» **EXERCISE GOAL**: Leaving out all pictures, write down exactly the lines from the one containing "Bước 1 Sơ chế" through the last line of the material.
= = = =
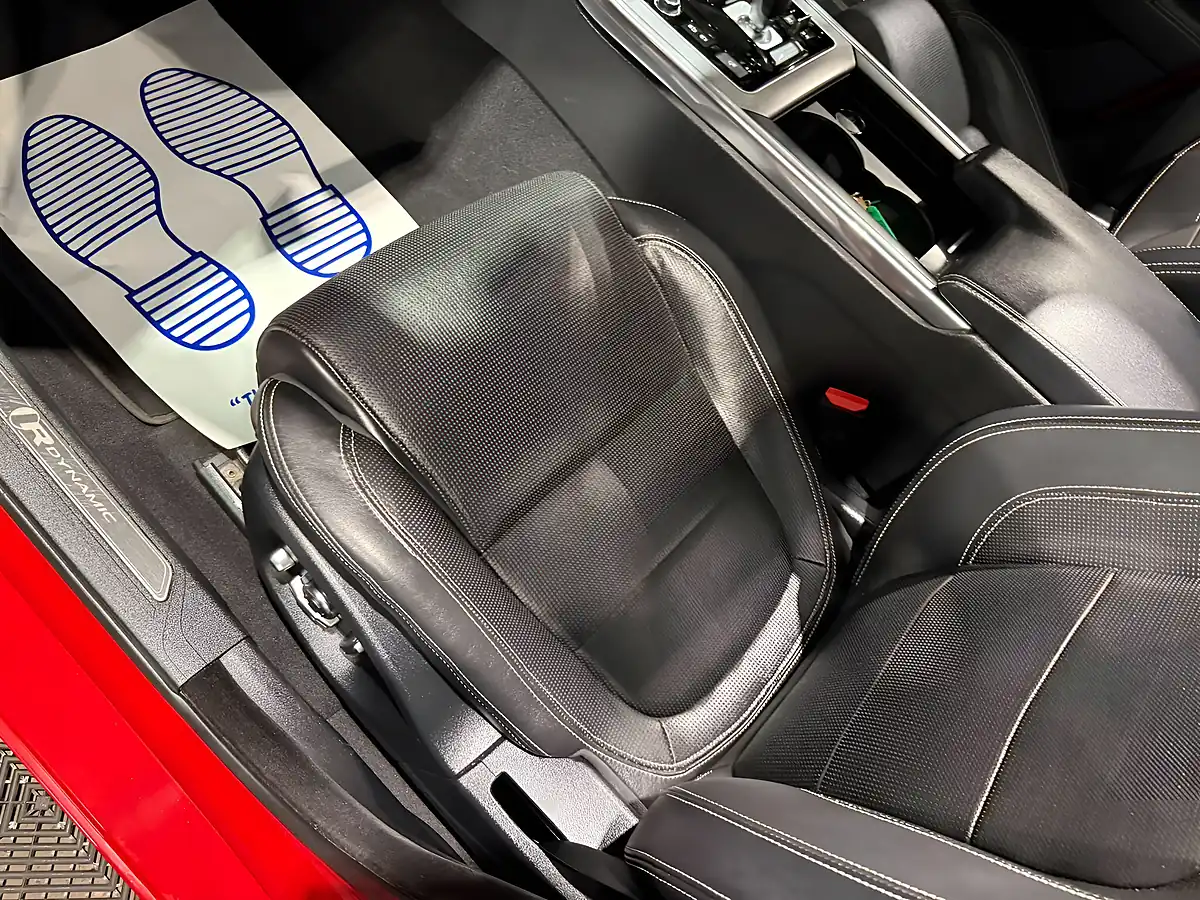Used 2019 Jaguar Xe R-Dynamic Hse Red - Interior and Exterior details 15
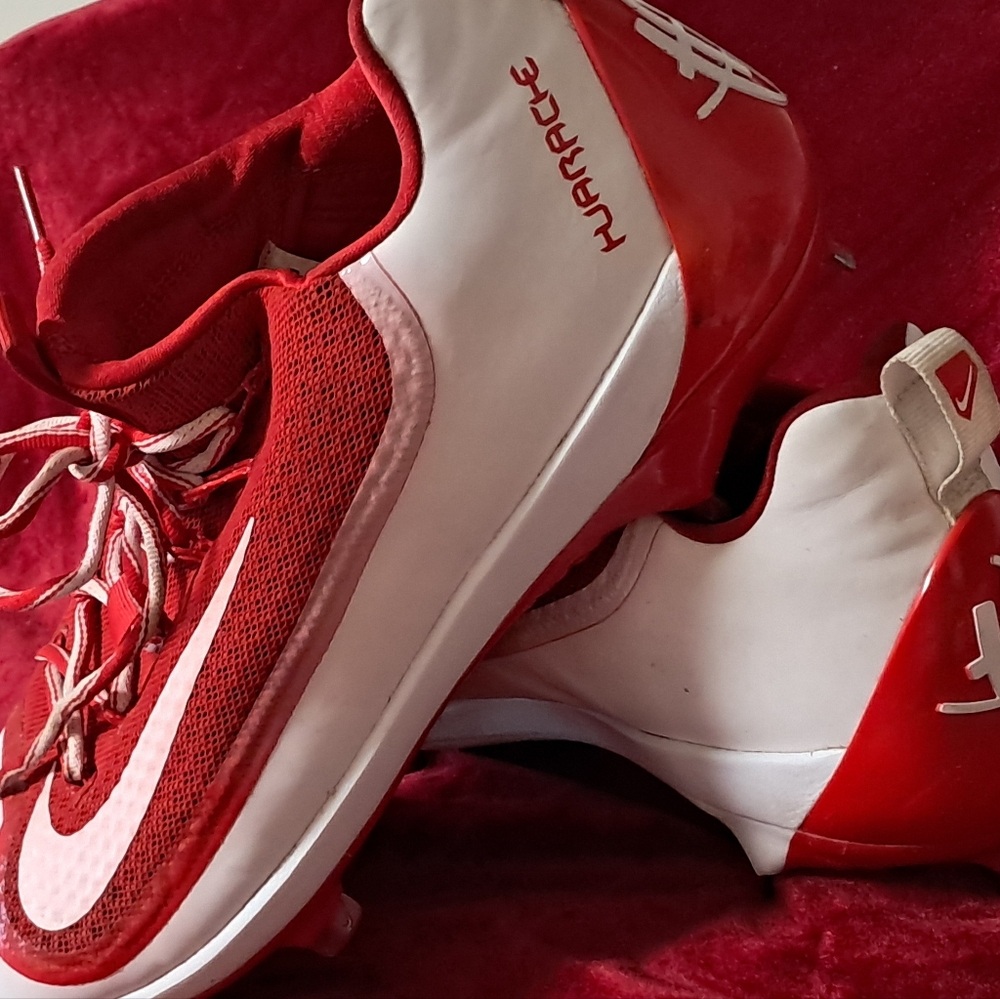 Baseball cleats - Picture 10 of 11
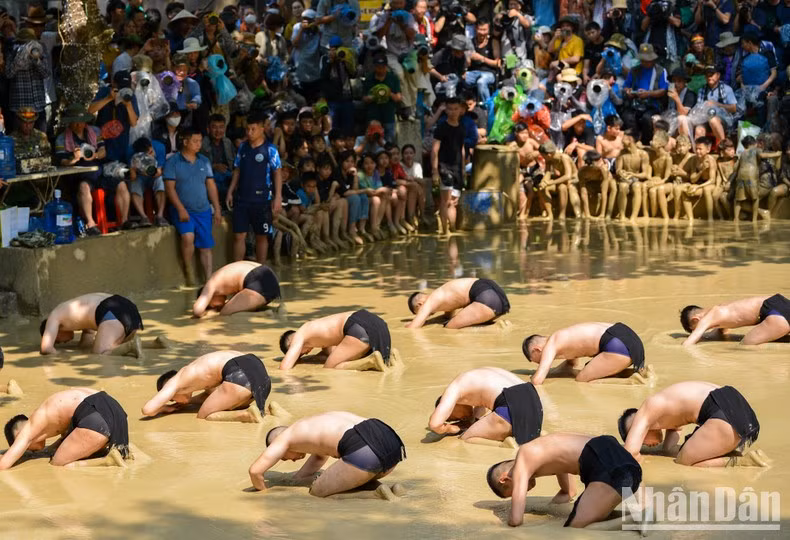 Los luchadores realizan el ritual dedicado a San Tam Giang antes de entrar en juego. Los luchadores realizan el ritual dedicado a San Tam Giang antes de entrar en juego.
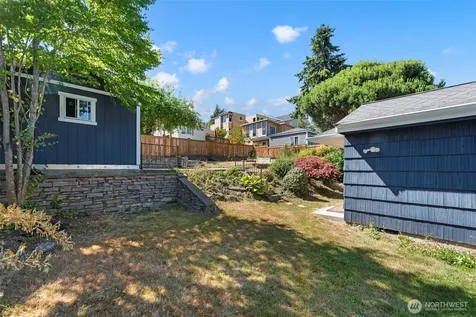 6831 37th Avenue NE Seattle WA 98115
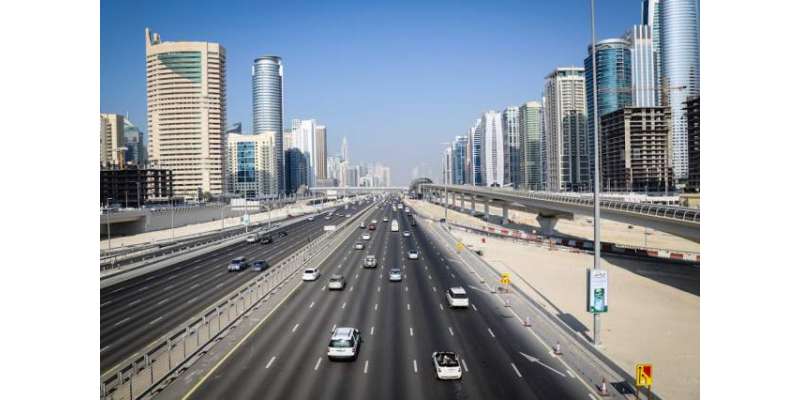 متحدہ عرب امارات نے پٹرول کی قیمت میں 4۔8 فیصد کمی کا اعلان کر دیا۔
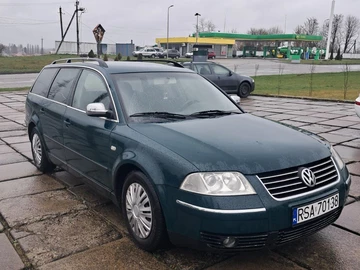 Авто Volkswagen Passat Variant 2001 № 8659765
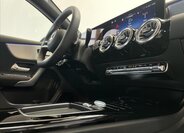 Mercedes-Benz Třídy A Sedan 1,3 l 120 kw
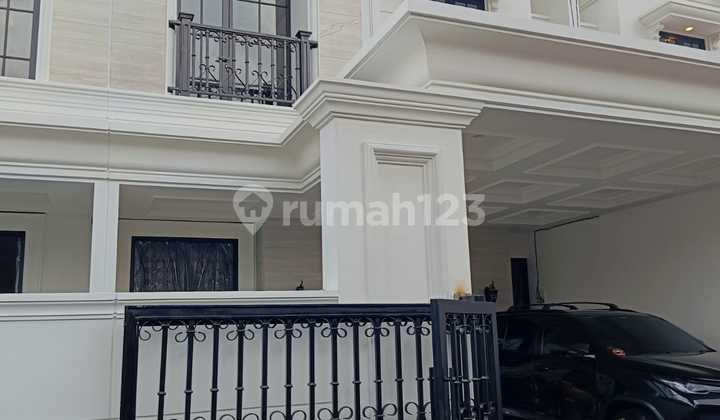 Y160D Rumah Baru Mewah dekat Tol dan LRT Cibubur Ciracas Jakarta Timur 2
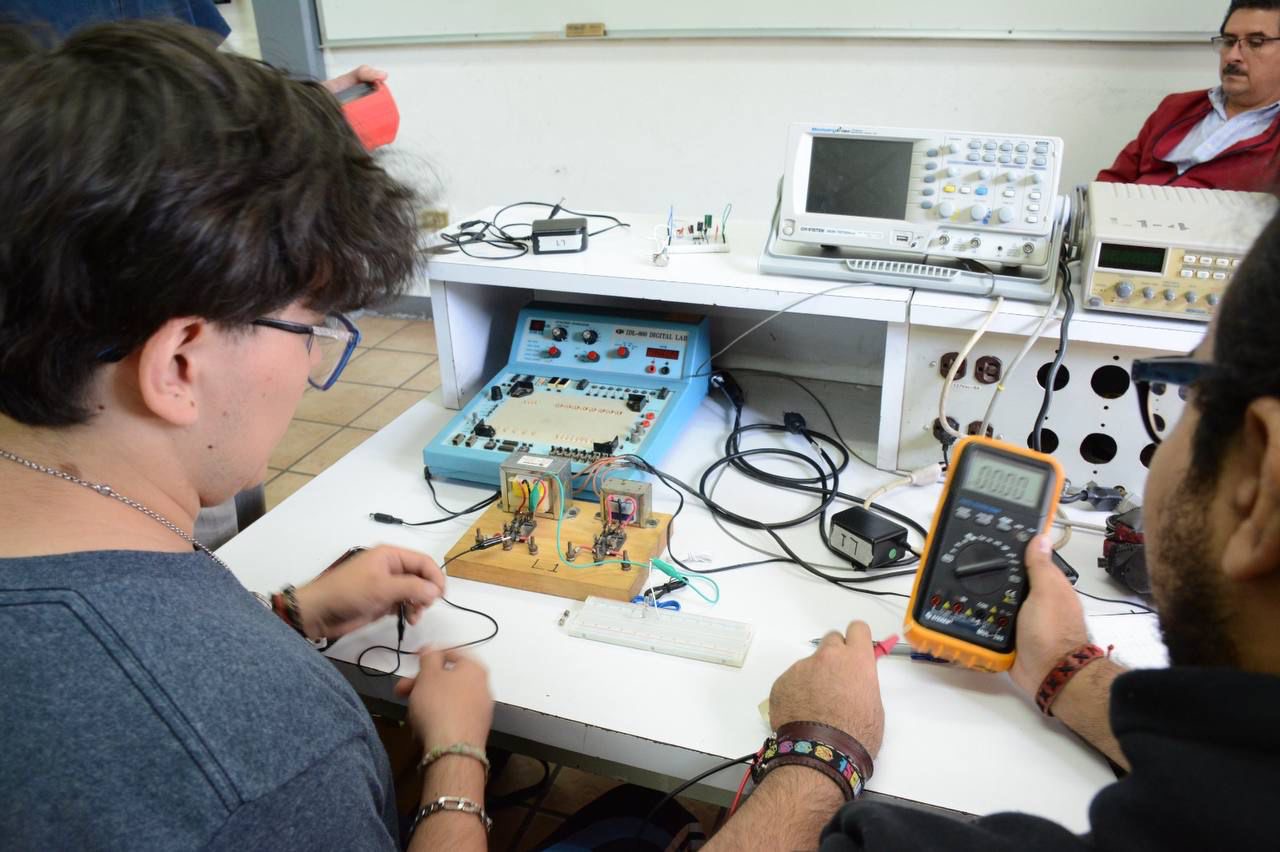 Pertinencia y calidad educativa sellos de la Licenciatura en Ingeniería Electrónica de la UMSNH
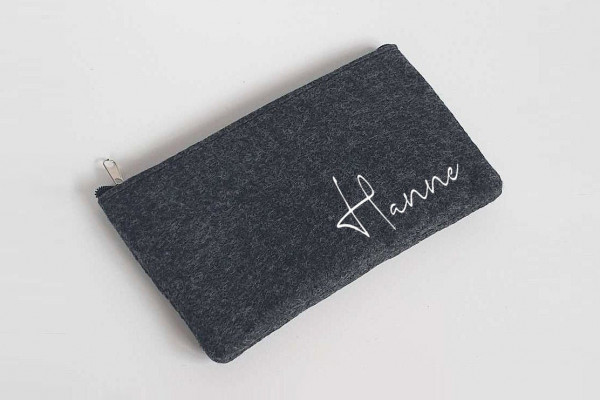 Graue Schminktasche aus Filz 18x10 cm | Personalisiert | Kosmetiktasche mit Namen | Kulturtasche | Filz-Mäppchen | Geschenk | Beauty Bag – Bild 6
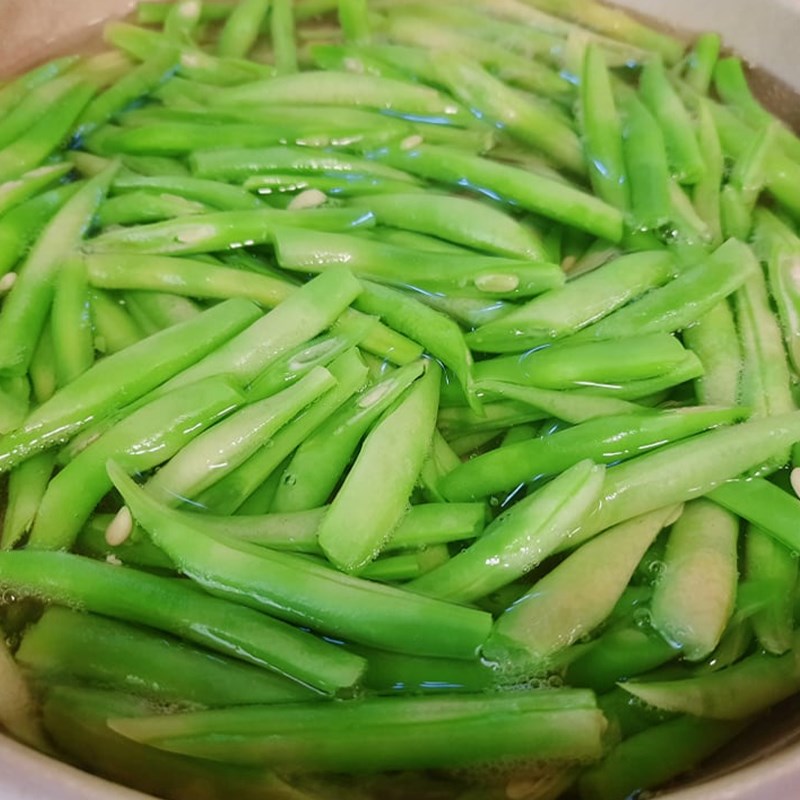 Bước 1 Sơ chế các nguyên liệu Thịt gà xào đậu que (đậu cô ve)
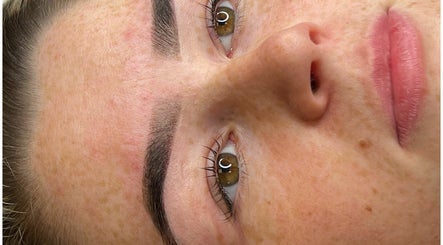 Brows and Beauty image 2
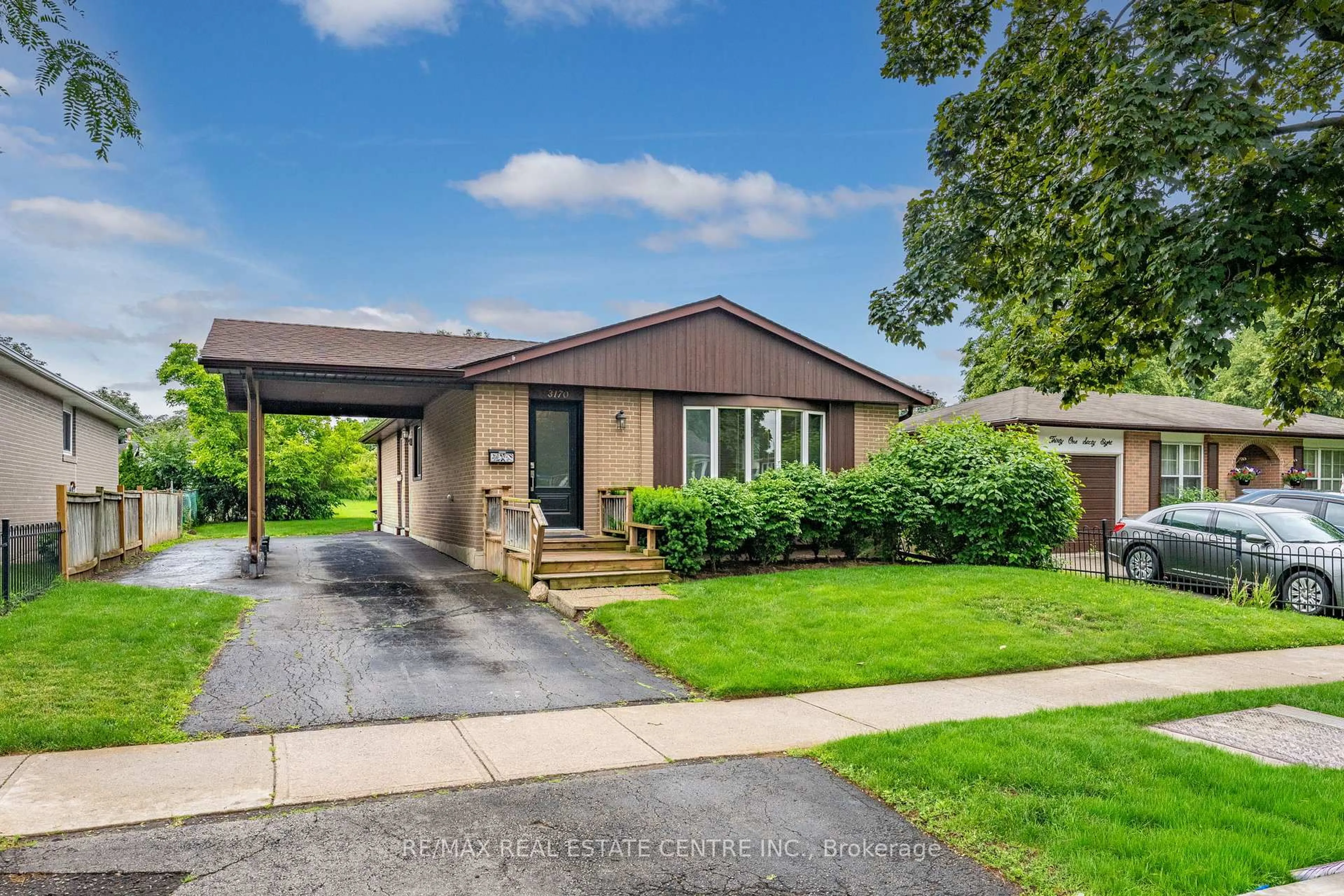 Unknown for 3170 Palmer Dr, Burlington Ontario L7M 1L4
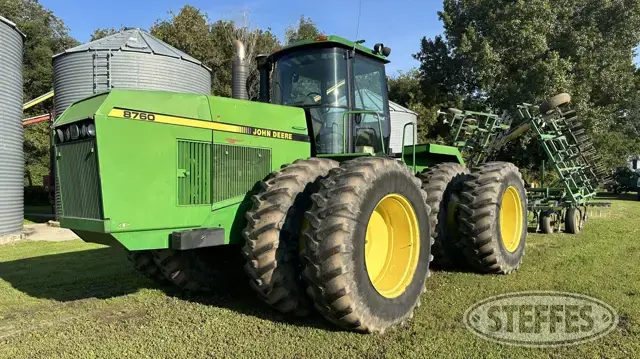 1989 John Deere 8760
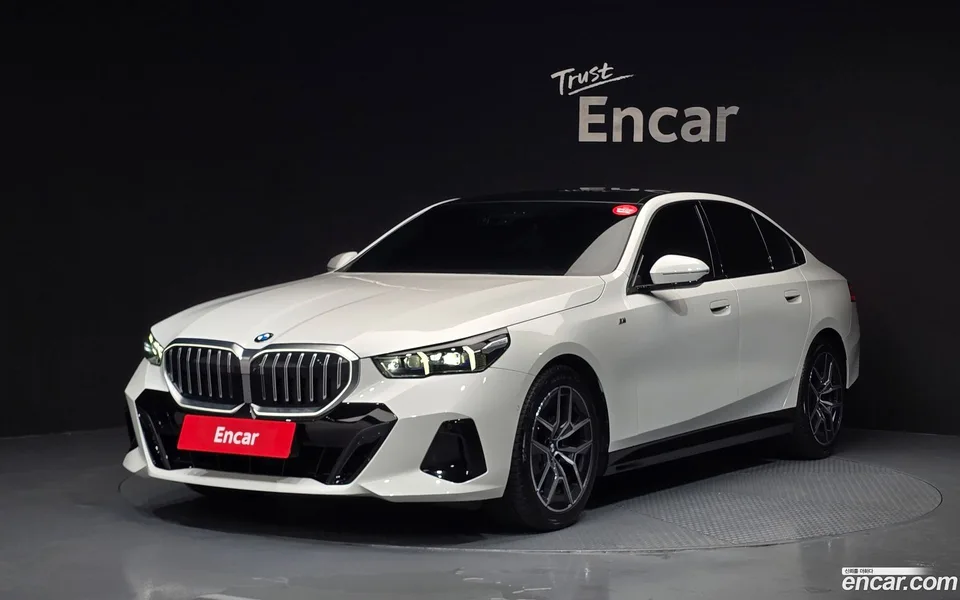 BMW 5 Series 2024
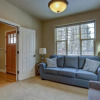 Отель Hollygrape Escape 30 Day Minimum, фото 17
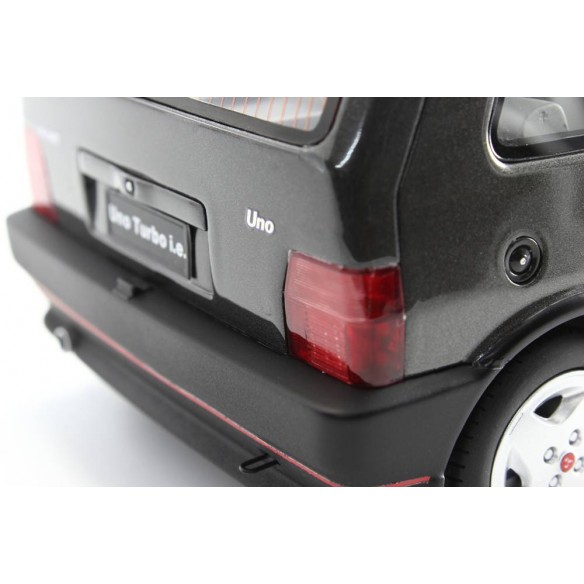 Fiat Uno Turbo 2° Serie MK2 1990 1:18 LM104D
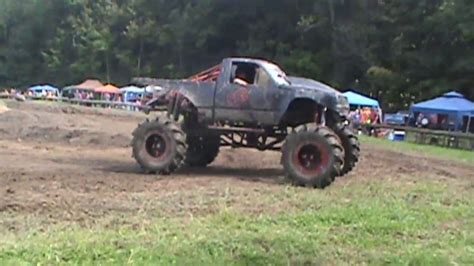 Kirbys Kompound Last Mud Bog Of 2017 Youtube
= = = =
» **WRITTEN SOLUTION**:
 Bước 1 Sơ chế các nguyên liệu Thịt gà xào đậu que (đậu cô ve)
 Brows and Beauty image 2
 Unknown for 3170 Palmer Dr, Burlington Ontario L7M 1L4
 1989 John Deere 8760
 BMW 5 Series 2024
 Отель Hollygrape Escape 30 Day Minimum, фото 17
 Fiat Uno Turbo 2° Serie MK2 1990 1:18 LM104D
 Kirbys Kompound Last Mud Bog Of 2017 Youtube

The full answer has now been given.